**WORK REQUEST**
Reproduce the lines below exactly. Skip images.

**GIVEN DATA**

- Opening Delimiter -

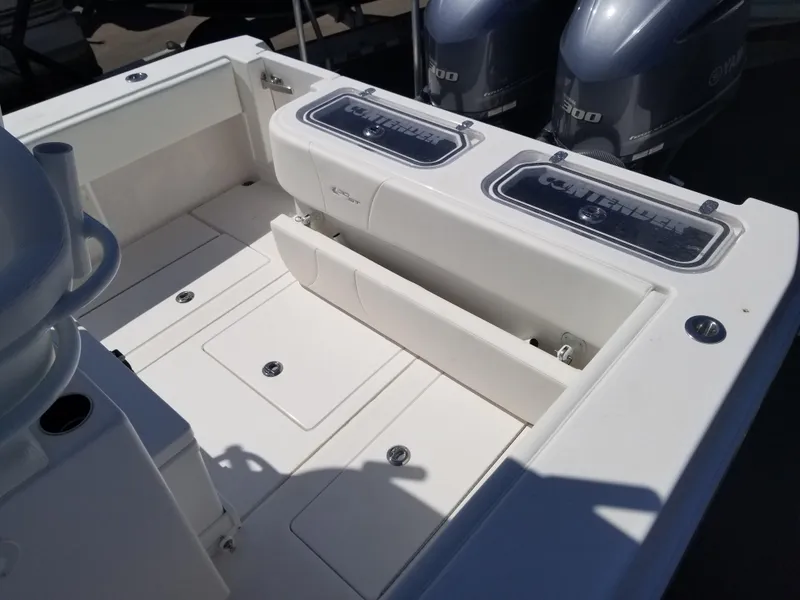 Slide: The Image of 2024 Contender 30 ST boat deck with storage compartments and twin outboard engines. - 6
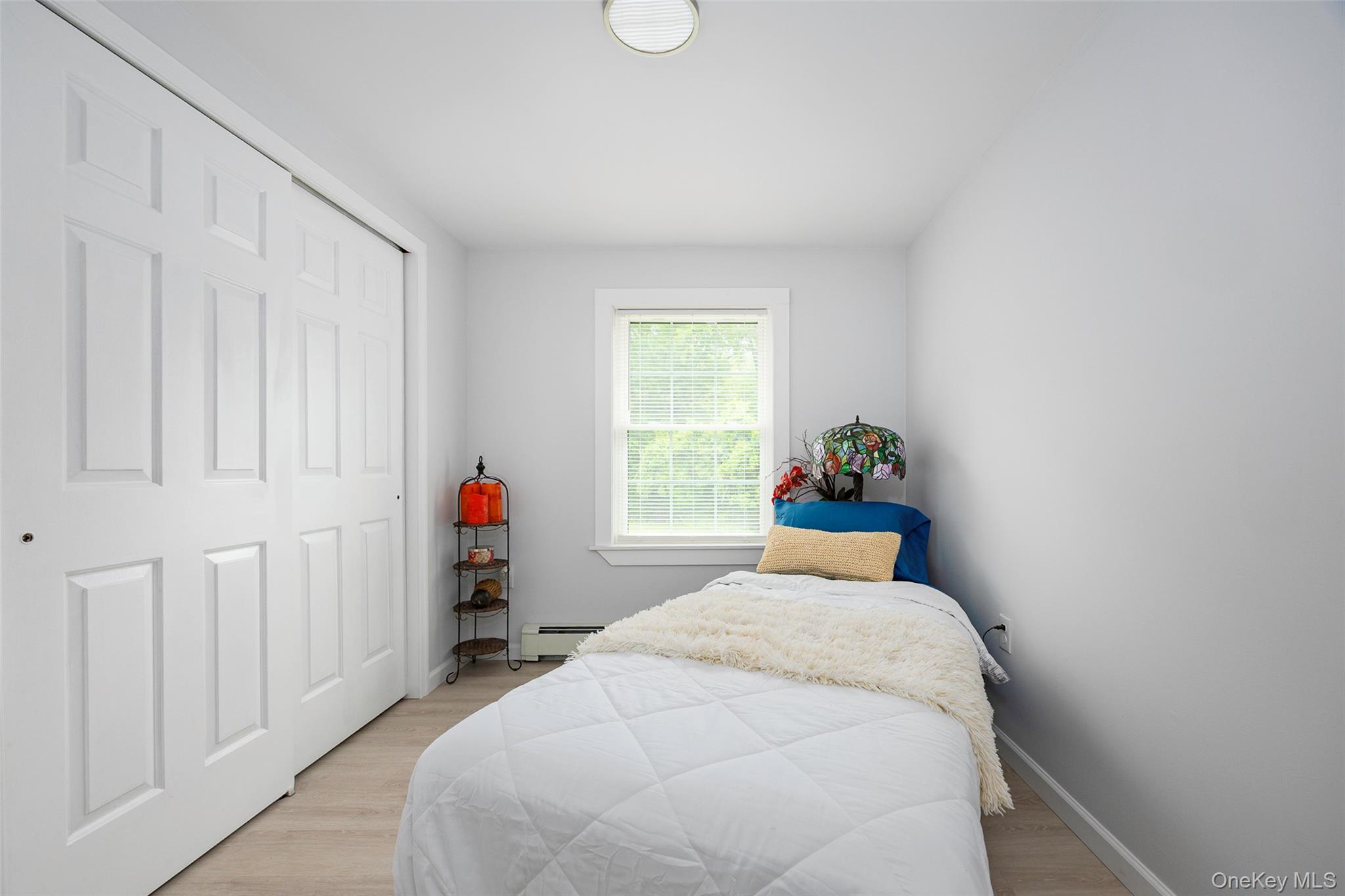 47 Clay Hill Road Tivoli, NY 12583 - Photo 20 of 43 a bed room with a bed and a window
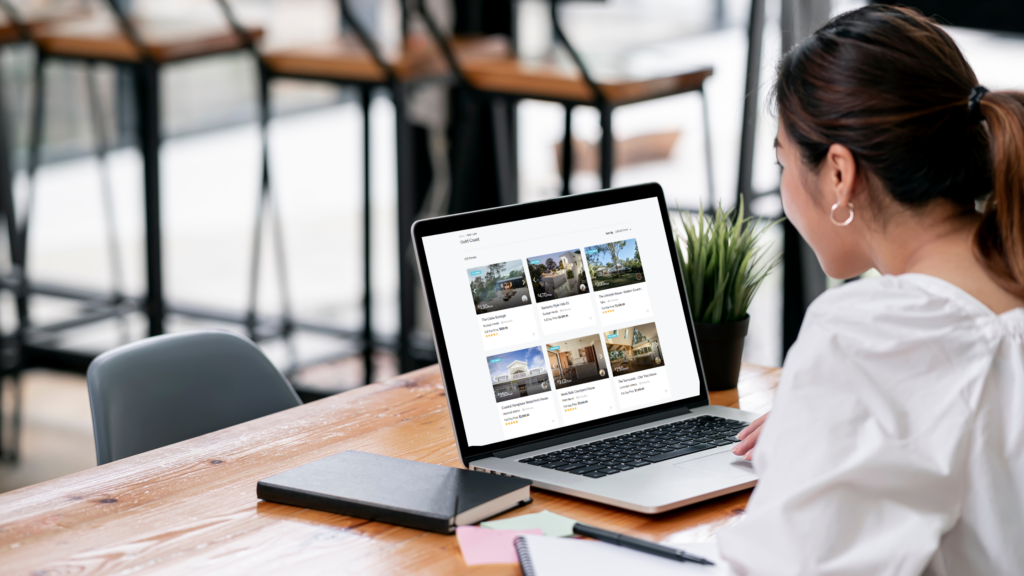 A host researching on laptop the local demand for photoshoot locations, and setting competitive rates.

- Closing Delimiter -

**TASK RESPONSE**
 Slide: The Image of 2024 Contender 30 ST boat deck with storage compartments and twin outboard engines. - 6
 47 Clay Hill Road Tivoli, NY 12583 - Photo 20 of 43 a bed room with a bed and a window
 A host researching on laptop the local demand for photoshoot locations, and setting competitive rates.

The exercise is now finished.